I’ll remember most what Savage did towards the end of his WWF career, as I was a bit young when he was neck-and-neck with Hogan to be at the top of the WWF. His program with the Ultimate Warrior and his feud with Jake Roberts were some of the more notable memories of mine, and I still remember that glaring red “X” on Superstars when he got bit by the cobra. Later on, I would look back on Savage’s career in other ways. He was a damn good color commentator (his riffs on Hogan and Warrior were great, as was his adoration for Hart and Perfect in their great King of the Ring 1993 match, where Savage was so impressed that he actually got in the ring and hugged Bret after his victory) and he took his job as seriously as anyone else, with his extensive attention to detail allowing him to shine like few others did.

He had an incredible run in the 80’s, and as far as pro wrestling superstars go, the only people who could be considered bigger than him in the United States were Hogan, Flair and Lawler, with him being better than Dusty Rhodes in the ring, but a sliver behind him on the mike outside of it. His style was incredible, and his use of “Pomp and Circumstance,” much like Flair’s use of “Also Sprach Zarathustra,” became synonymous with his entrances. He was intense, gifted, hard-working and driven to succeed more than probably anyone else of his time. He knew what his gifts were and did everything he could to bring them out in himself, and because of it, he amplified each program he was a part of.

Probably the sourest part of the story was that since the inception of the WWF/E Hall of Fame, Savage was never inducted, supposedly stemming from bad blood between himself and Vince McMahon due to his departure from the WWF in 1994 and various other rumors (including him supposedly hitting on and/or hooking up with Vince’s daughter Stephanie, a rumor later found to be without merit), and now, with WrestleMania coming to Miami,Florida in 2012, there is probably no other place better than his home state to have his long overdue induction, even with The Rock being noted as the headliner and possibly overshadowing his accomplishments.

For me, I’ll remember Savage as one of the most gifted performers of a sport that I had followed ever since WrestleMania III, when I saw Hogan slam Andre and thought anything was possible. I watched Savage/Steamboat on that same VHS tape and didn’t remember it much at the time, but even with the numerous replays of Hogan slamming Andre, the fan in me appreciates the Savage/Steamboat match more and more each time I watch it: Two of the best wrestlers ever locking up in an epic feud-ender that had a crowd supposedly ready for Hogan go crazy for The Macho Man and The Dragon.
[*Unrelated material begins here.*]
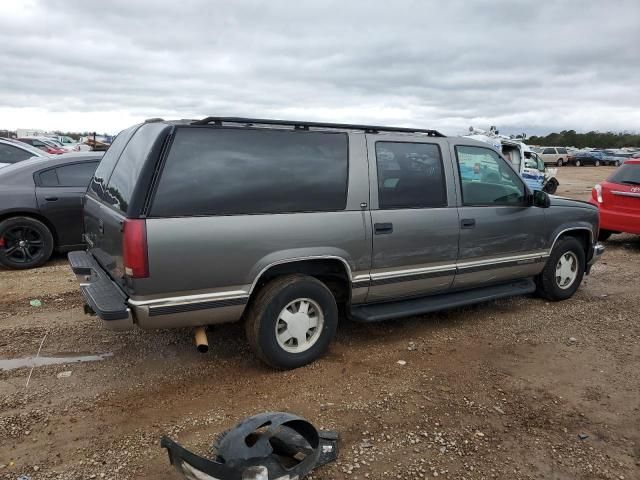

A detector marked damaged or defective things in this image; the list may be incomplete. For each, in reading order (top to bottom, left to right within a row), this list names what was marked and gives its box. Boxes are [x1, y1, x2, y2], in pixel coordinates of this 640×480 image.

broken fan shroud [161, 410, 340, 478]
Before that match, he famously quipped that “History beckons The Macho Man, yeah!” Looking back on Savage’s own history, his career is something to be revered by myself and others. Another piece of proof that speaks to his greatness: In 2006, TNA wrestler Jay Lethal took on the moniker “Black Machismo” and did Savage’s mannerisms and voice to a T, even going so far as to take his elbow drop as his finish. When Savage was asked about it, he reportedly gave Lethal his blessing, having been flattered that someone went to those lengths to pay homage to his hero. Out of all the posthumous Savage remembrances, Lethal’s was the most poignant, writing a poem that touched on some of Savage’s most memorable catchphrases and revealing that Savage was his wrestling hero growing up.

While Lethal got to live out his worship of Savage, he was hardly the only one who loved him, and over the coming weeks and months, I will be happy to look at other people’s memories of the Macho Man, bringing back memories of my childhood and theirs. The professional wrestling community lost a true legend, and as his fans, we remember him as one of the best of all time.

Rest in Peace to the “Macho Man” Randy Savage, 1952-2011. We will miss you very much, but we will never forget you.